1. connerie ou pas de ma part, j'ai installé HotSpotShield (pourtant recommandé par des sites de confiance il me semble) pour pouvoir visualiser JustinTV de l'etranger sans que ma connection qu streaming ne coupait regulierement (limitation geographique).

2. j'ai decidé de virer ce HotSpotShield car il m'a pas convaincu.

3. depuis je peux plus me connecter depuis ma chambre d'hotel a internet, sauf si j'accepte un pop up qui me demande si je dois accepter les connections entrantes a "configd".

Je sais pas ce que c'est (mais j'ai du accepter pour pouvoir enfin avoir acces au net et verifier) mais dans tous les cas c'est pas normal cette demande de connection entrantes a chaque demarrage de session.

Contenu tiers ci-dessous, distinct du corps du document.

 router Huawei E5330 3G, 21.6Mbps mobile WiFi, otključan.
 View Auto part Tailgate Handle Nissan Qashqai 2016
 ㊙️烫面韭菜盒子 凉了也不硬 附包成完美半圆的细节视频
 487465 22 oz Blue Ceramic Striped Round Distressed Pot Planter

Pouvez vous m'aider??? :rose:


----------



## schwebb (16 Octobre 2009)

Hello,

configd, c'est un démon système qui contrôle l'accès au réseau.

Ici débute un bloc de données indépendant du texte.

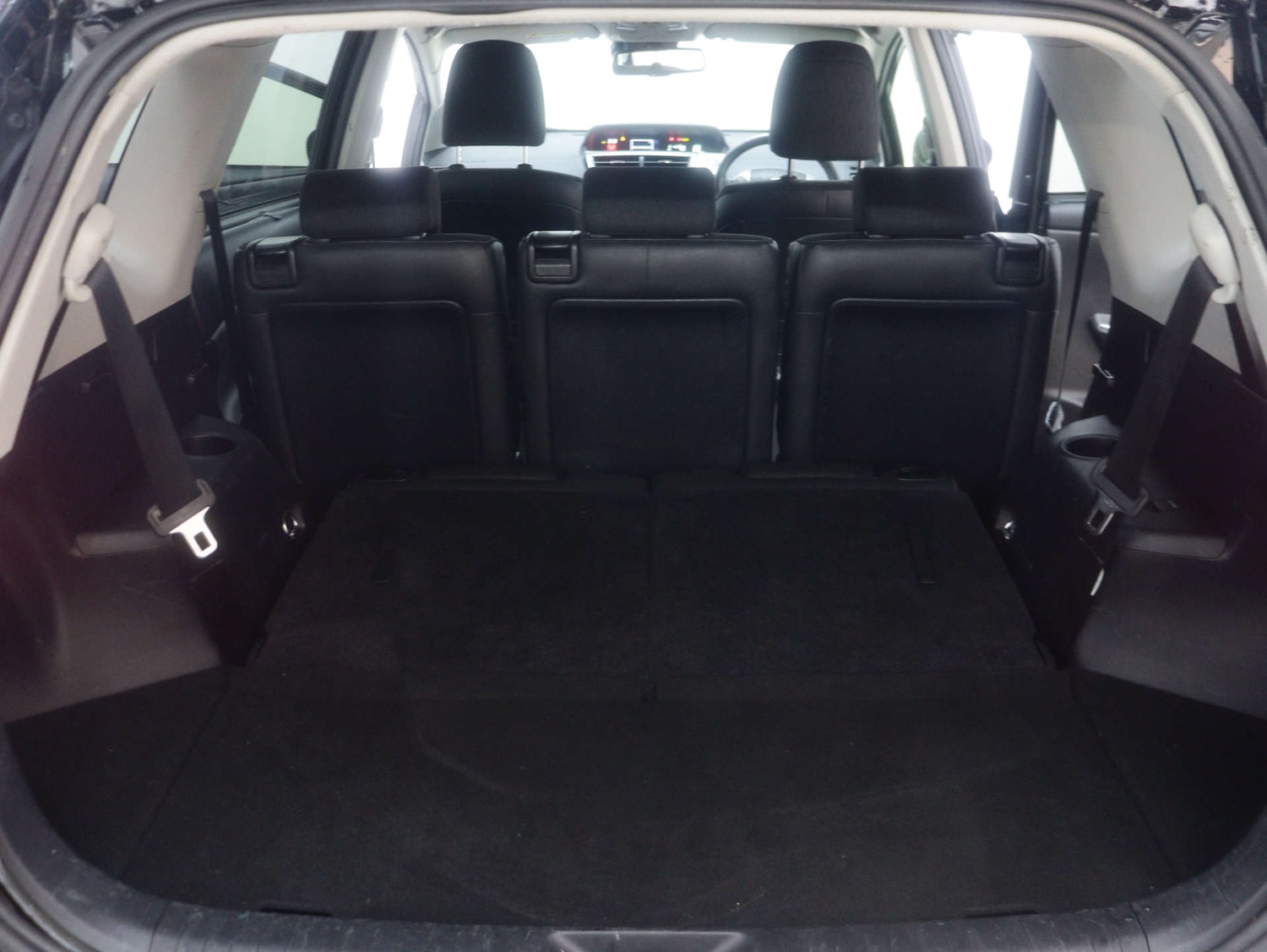 Used Toyota Prius+ 2019 for sale - 77180045: Photo 46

Il faudrait l'autoriser dans le pare-feu, mais comme c'est un démon système je ne sais pas comment on fait. 

Attends d'autres avis que le mien, mais je pense qu'il faudrait déjà essayer de déposer sur le bureau le fichier suivant:
DisqueDur/Bibliothèque/Preferences/com.apple.alf.plist
Voir ce que ça donne. Si c'est bon, tu pourras le jeter.

À tout hasard, si tu as Little Snitch, vérifie que configd fait bien partie des processus autorisés (normalement oui, par défaut Little Snitch autorise les connexions système).


----------



## Mac*Gyver (16 Octobre 2009)

ok, deja ca me rassure que ce soit un service d'OS X .

Mon mac me demande a chaque fois donc je vais tenter de voir comment autoriser "tout le temps".

Sinon j'ai Little Snitch mais lui ne pose pas de probleme.

merci a toi, j'attends d'autres avis avant de faire des modif plus loin


----------